Ultra-High-Energy Cosmic Rays from Neutrino-Emitting Tidal Disruption Events

TL;DR

This paper investigates the potential of tidal disruption events (TDEs) to produce ultra-high-energy cosmic rays and associated neutrinos, proposing a model linking TDE characteristics with observed cosmic ray and neutrino data.

Contribution

It introduces a source-propagation model connecting TDEs with UHECRs and neutrinos, and infers source composition, population parameters, and rates consistent with observations.

Findings

UHECR data suggest a mix of light to mid-heavy nuclei.

At least two TDE groups contribute to UHECRs, dominated by AT2019aalc-like events.
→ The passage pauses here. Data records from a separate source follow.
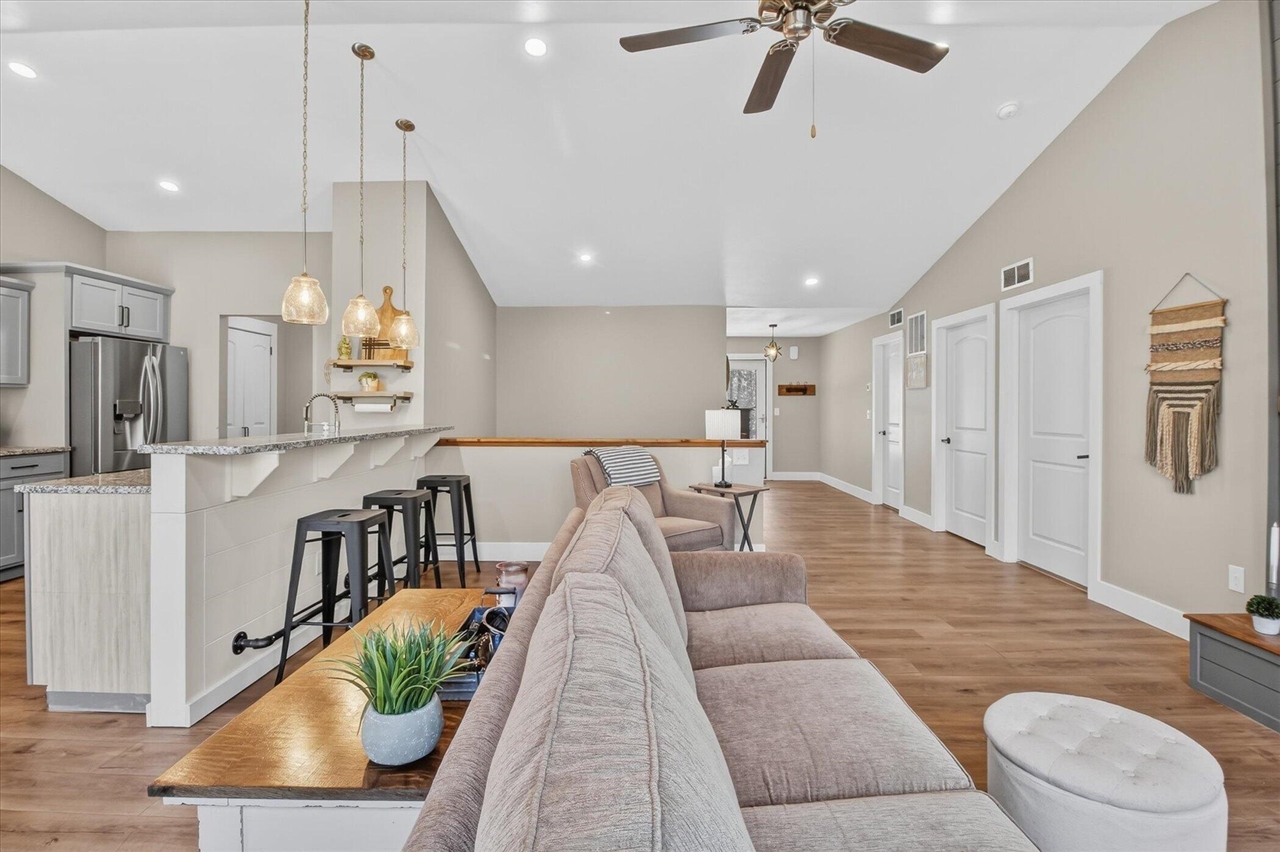 15371 Buck Hollow Drive, Gowen, MI, 49326-8704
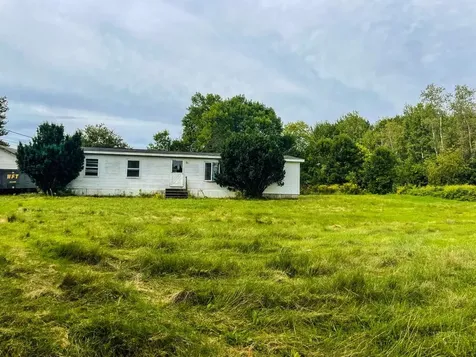 587 Main Road Eddington ME 04428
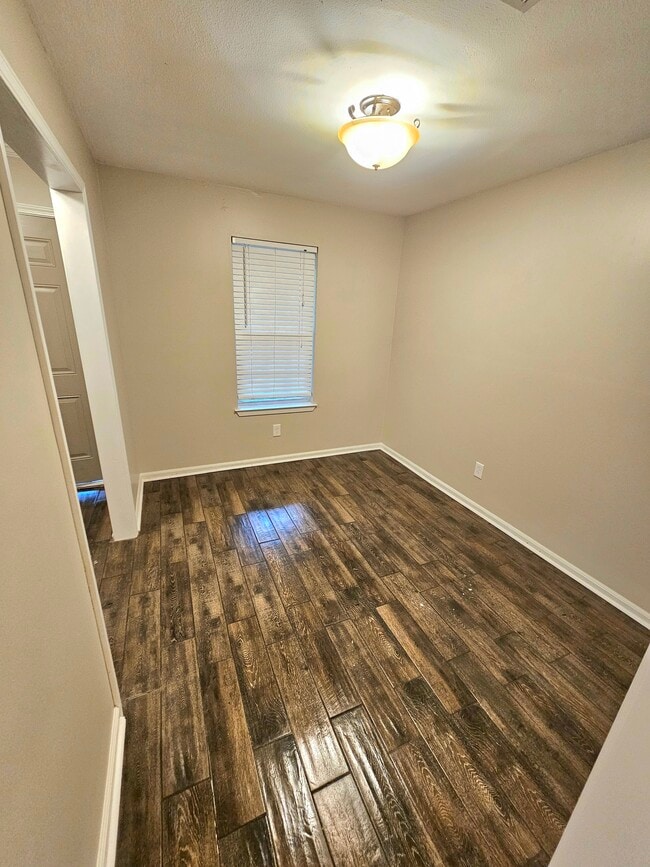 Photo - 516 Colynwood Dr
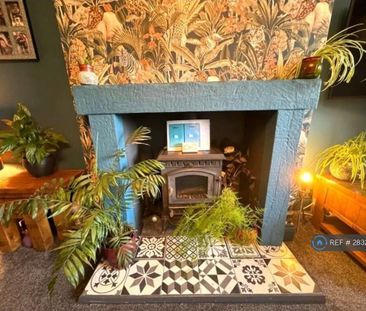 4 bedroom detached house to rent - Photo 6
Predicted neutrino fluxes are detectable by future radio neutrino experiments.

Abstract

We revisit the Ultra-High-Energy Cosmic Ray (UHECRs) production in Tidal Disruption Events (TDEs) in the light of recent neutrino-TDE associations. We use an isotropically emitting source-propagation model, which has been developed to describe the neutrino production in AT2019dsg, AT2019fdr, and AT2019aalc. These TDEs have strong dust echoes in the infrared range, which are potentially linked with the neutrino production. A mechanism where neutrinos originate from cosmic ray scattering on infrared photons implies cosmic rays in the ultra-high energy range, thus suggesting a natural connection with the observed UHECR. We extrapolate the three TDE associations to a population of neutrino- and UHECR-emitting TDEs, and postulate that these TDEs power the UHECRs. We then infer the source composition, population parameters, and local rates that are needed to describe UHECR data. We find that UHECR data point towards a mix of light to mid-heavy injection isotopes, which could be found, e.g., in oxygen-neon-magnesium white dwarfs, and to a contribution of at least two groups of TDEs with different characteristics, dominated by AT2019aalc-type events. The required local TDE rates of ${\mathcal O}(10^2)~\mathrm{Gpc^{-3} \, yr^{-1}}$, however, are more indicative of the disruption of main sequence stars. We propose an enhanced efficiency in the acceleration of heavier nuclei that could address this discrepancy. The predicted diffuse neutrino fluxes suggest a population of astrophysical neutrino sources that can be observed by future radio neutrino detection experiments. The derived source parameters are consistent with those expected from the individual neutrino observations.